CLACKAMAS COUNTY, Ore. (KOIN) — A group of neighbors trying to keep a hemp and marijuana operation out of Yamhill County were dealt another blow by LUBA, Oregon’s Land Use Board of Appeals.

A large and vocal coalition of residents has been opposing the planned operations on a 22.7 acre property located on Jaquith Road, a few miles north of Newberg, for about a year now. In a site design review approved by the county, the owners outlined their plan to grow 5-10 acres of hemp on the property, grow up to 10,000 square feet of marijuana indoors, and process both in separate buildings.

Concerns about livability, odors, traffic, proximity to homes, possible chemical usage, a potential increase in crime, the continued federal illegality of marijuana and more have all been entered into the record and voiced publicly at hearings. Laura Cochran, the property’s nearest neighbor, spearheaded early efforts against the facility, claiming that allowing it to proceed would irreparably harm her disabled adult son, who she said will not be able to “tolerate the marijuana stench or hemp dust.”

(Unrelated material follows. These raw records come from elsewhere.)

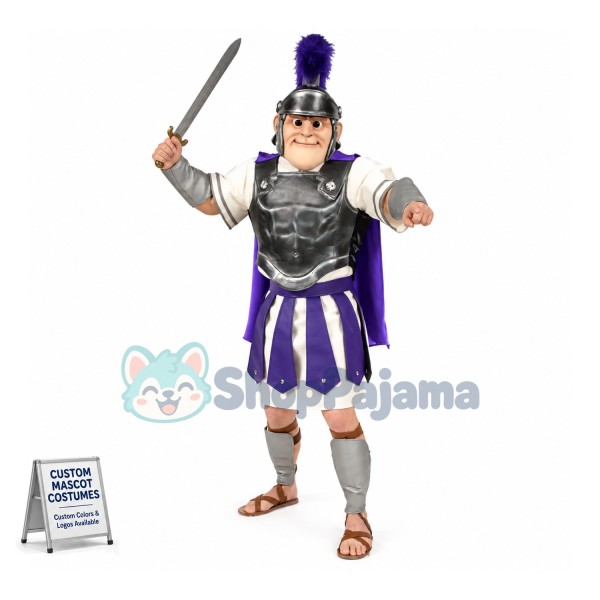 Trojan Warrior Mascot Costume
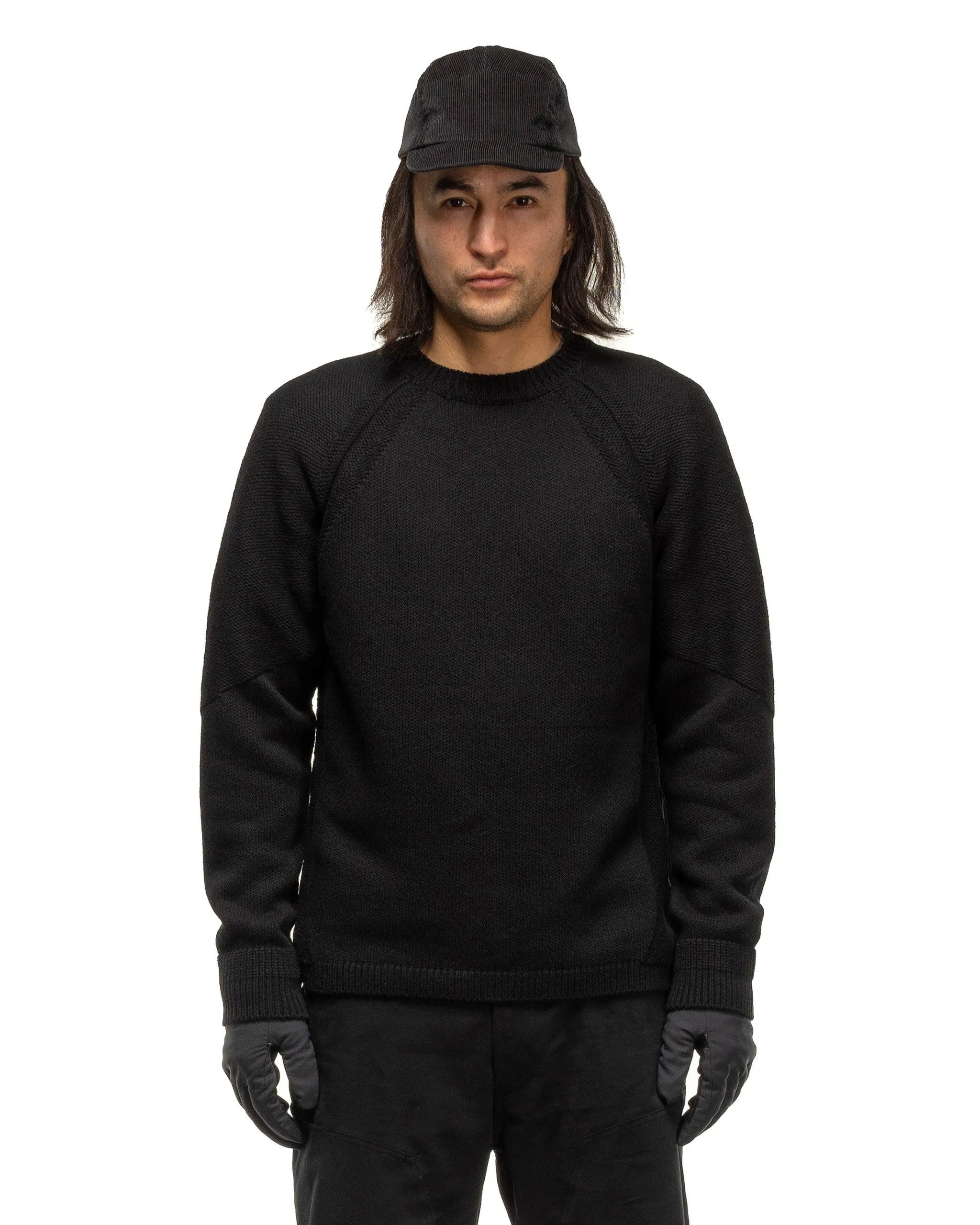 Harbour Sweater - Cotton Cashmere Knit Black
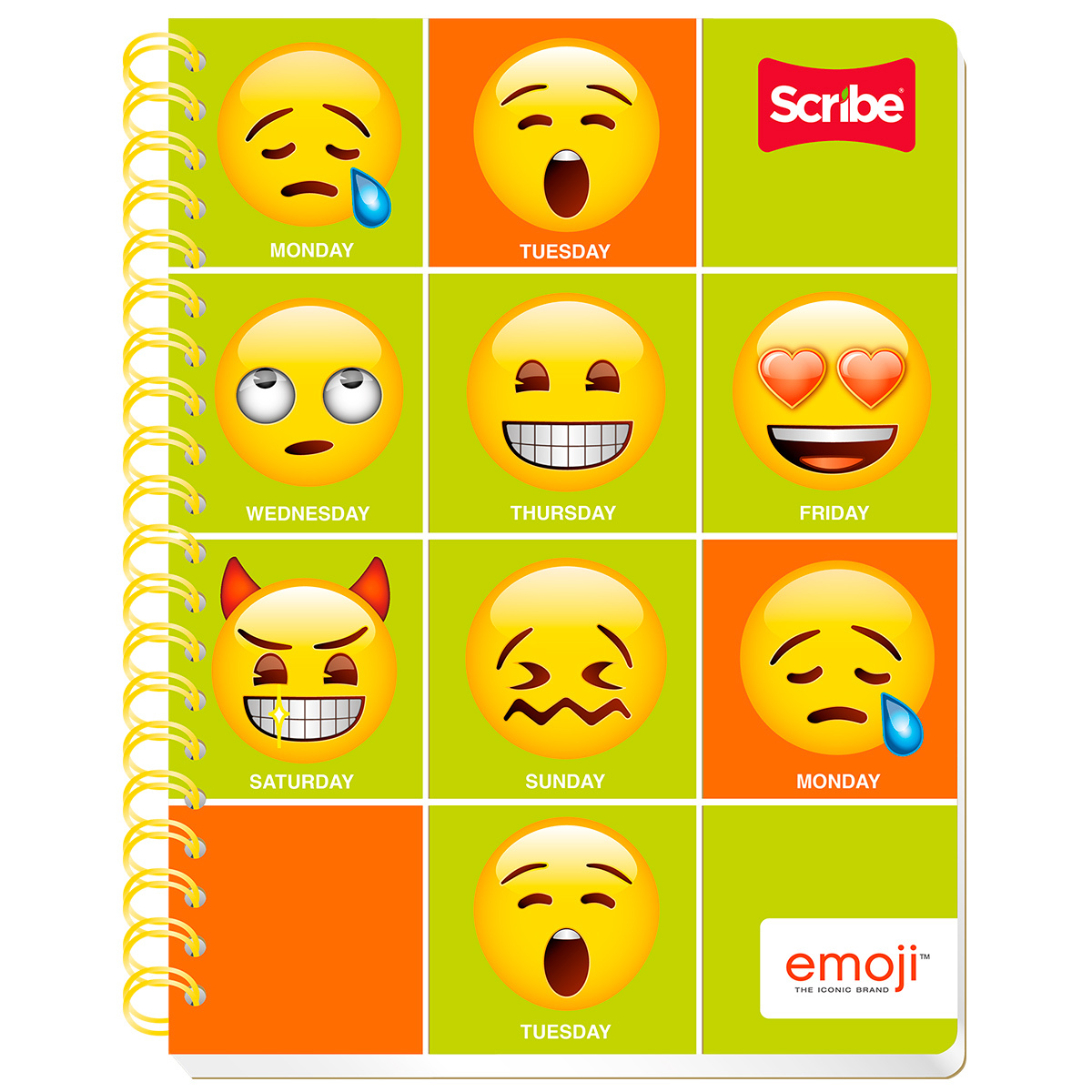 Cuaderno Profesional Scribe Edición Emoji Cuadro Chico 100 hojas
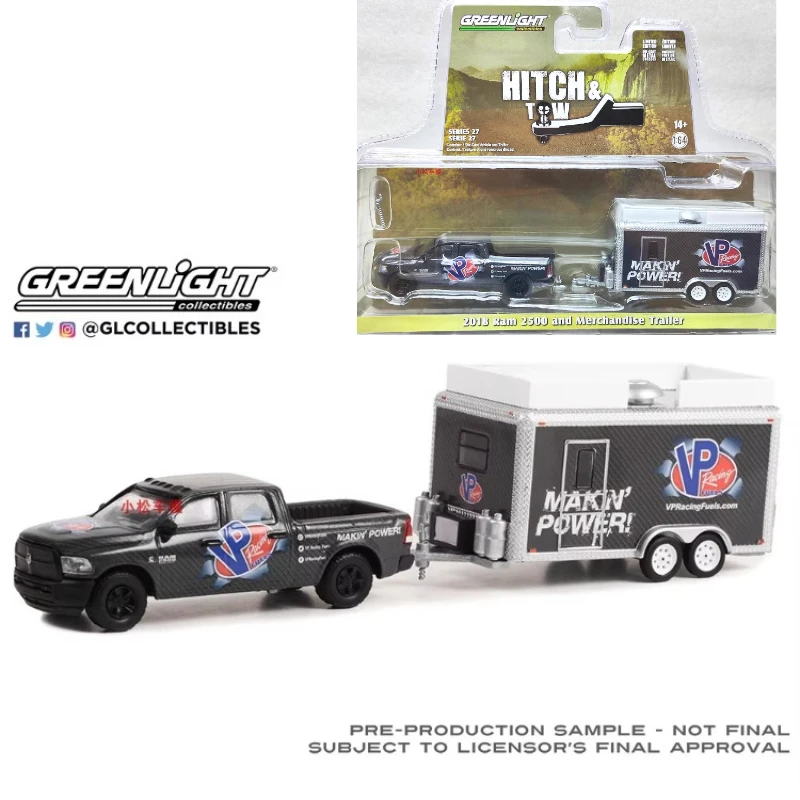 

Green Light 1:64 2018 Ram 2500 VP Racing Fuels & Fuel Cargo Trailer Models Limited Edition Collectibles Wall Pendant Gifts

In January, the Yamhill County Board of Commissioners expressed sympathy for the neighbors’ concerns, but unanimously upheld the planning commission’s earlier approval of the site design review, saying the facility is allowed under exclusive farm use zoning.

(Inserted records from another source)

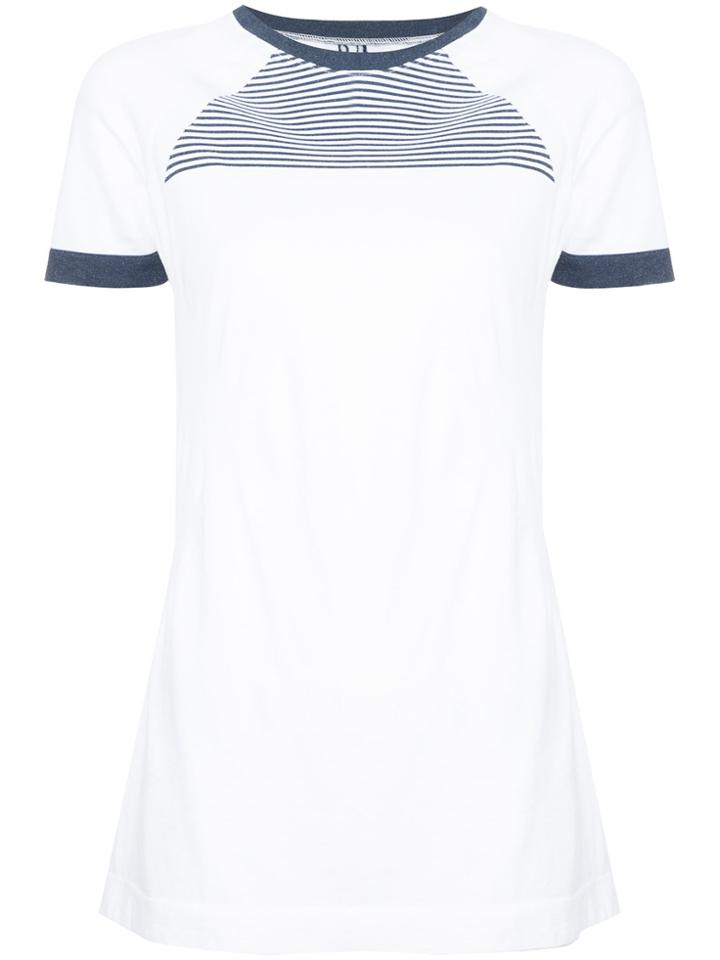 Lndr Stripe Design T-shirt - White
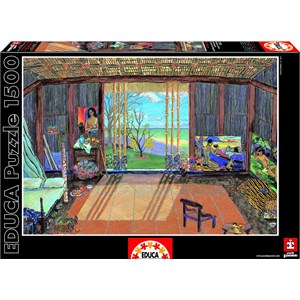 Educa (15534) - Damian Elwes: "Gauguin's Studio" - 1500 Teile Puzzle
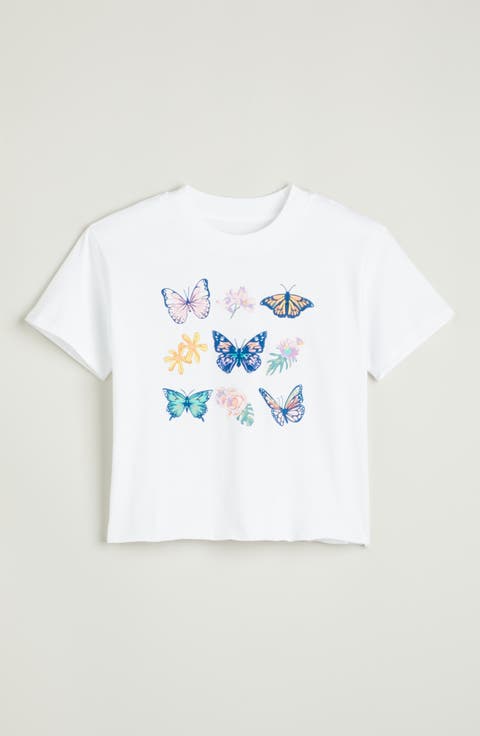 Kids' Crop Cotton Graphic T-Shirt (Big Kid)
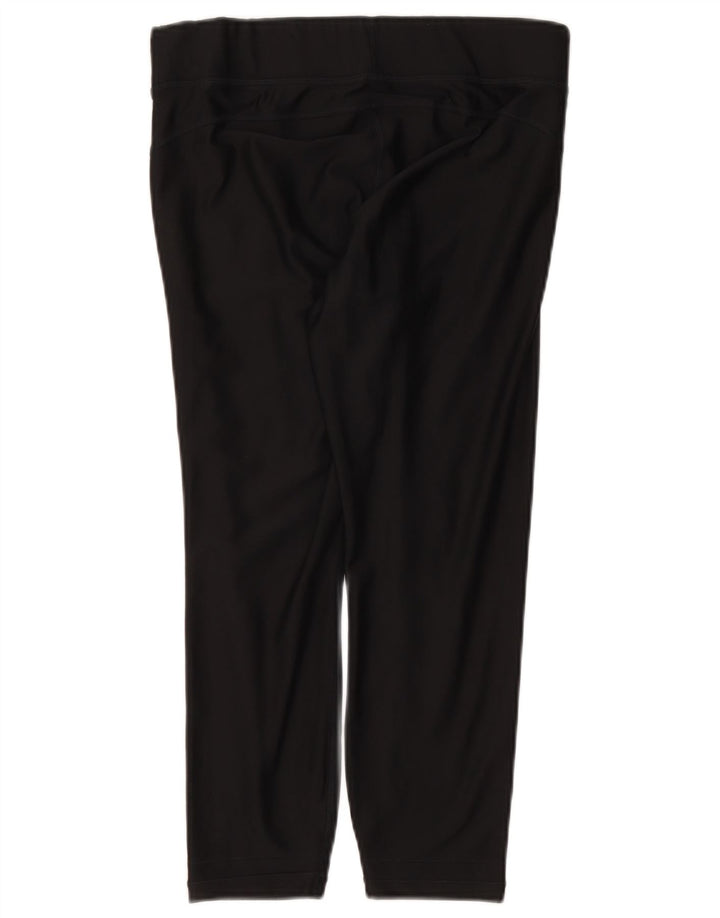 Under Armour Mulheres Capri Leggings UK 14 Grande Preto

On August 19, LUBA affirmed the county’s decision.

“Unfortunately, we were not surprised by the decision,” petitioner Jill Anderson told KOIN 6 News in an email, adding that her attorney warned her early on that the case would likely have to go to the Court of Appeals. Opponents of the facility have until September 9 to file an appeal.

Land in Yamhill County where a hemp and marijuana processing facility is set to be built, Dec. 2, 2019. (Hannah Ray Lambert)

Yamhill County wasn’t surprised by the decision either. County counsel Todd Sadlo said processing of crops is allowed on a farm parcel and that marijuana is a crop.

WAG Holdings, LLC, which owns the property, did not immediately respond to KOIN 6 News’ request for comment.

Opponents are also trying to convince the Oregon Water Resources Department to deny the company’s application for water rights. More than 40 comments have been submitted so far, many centering on the concern that adding irrigation will further deplete an “already stressed aquifer.” Public comment ends Thursday, August 27.